- **THE DATA**
◇ ◇ ◇
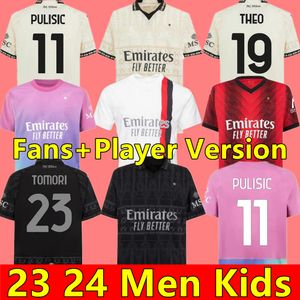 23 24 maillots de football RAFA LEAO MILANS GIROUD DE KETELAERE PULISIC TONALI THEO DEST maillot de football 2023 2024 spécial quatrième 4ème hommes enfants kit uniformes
◇ ◇ ◇
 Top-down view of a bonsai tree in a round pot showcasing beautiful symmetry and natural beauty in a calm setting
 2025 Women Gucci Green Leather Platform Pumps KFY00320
◇ ◇ ◇
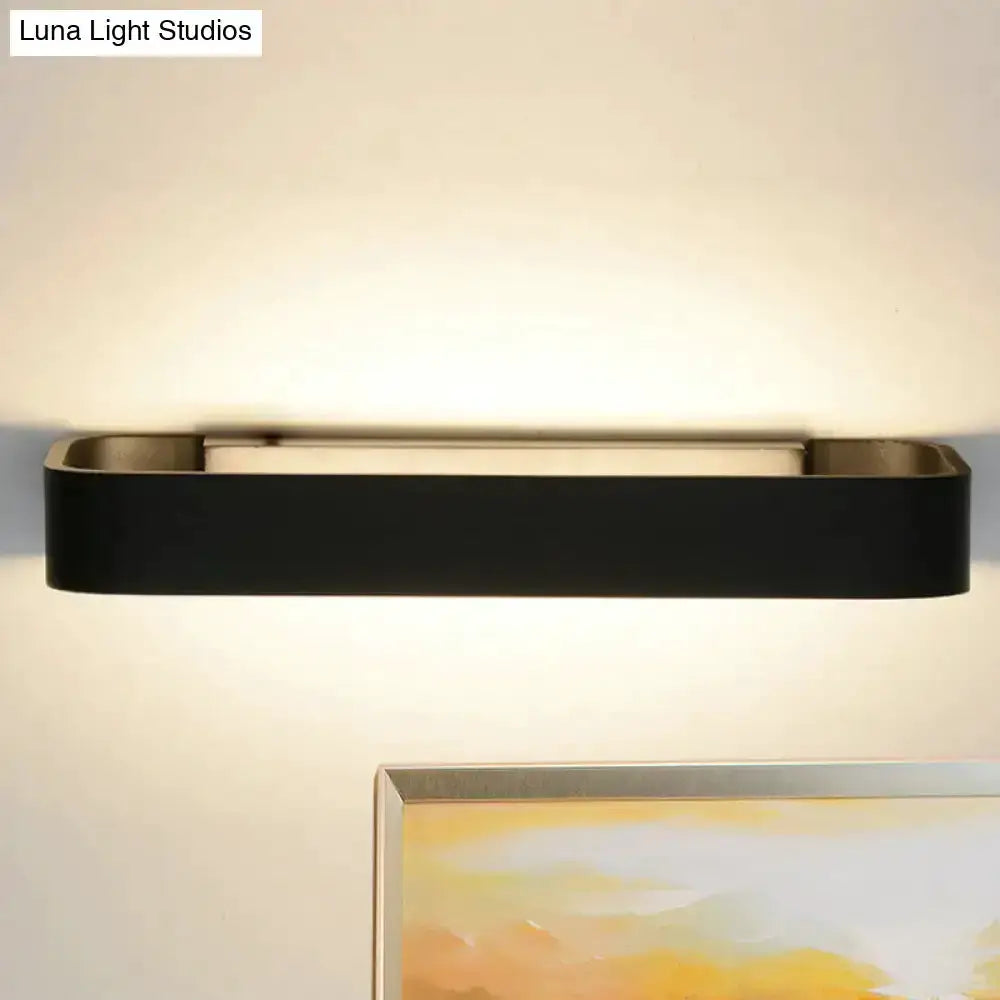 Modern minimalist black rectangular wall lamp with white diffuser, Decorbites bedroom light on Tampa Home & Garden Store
◇ ◇ ◇
From the entries above, return exactly the line containing "Top-down view of", the line containing "2025 Women Gucci", and all lines between, and nothing else.

- **WRITTEN REPLY**
 Top-down view of a bonsai tree in a round pot showcasing beautiful symmetry and natural beauty in a calm setting
 2025 Women Gucci Green Leather Platform Pumps KFY00320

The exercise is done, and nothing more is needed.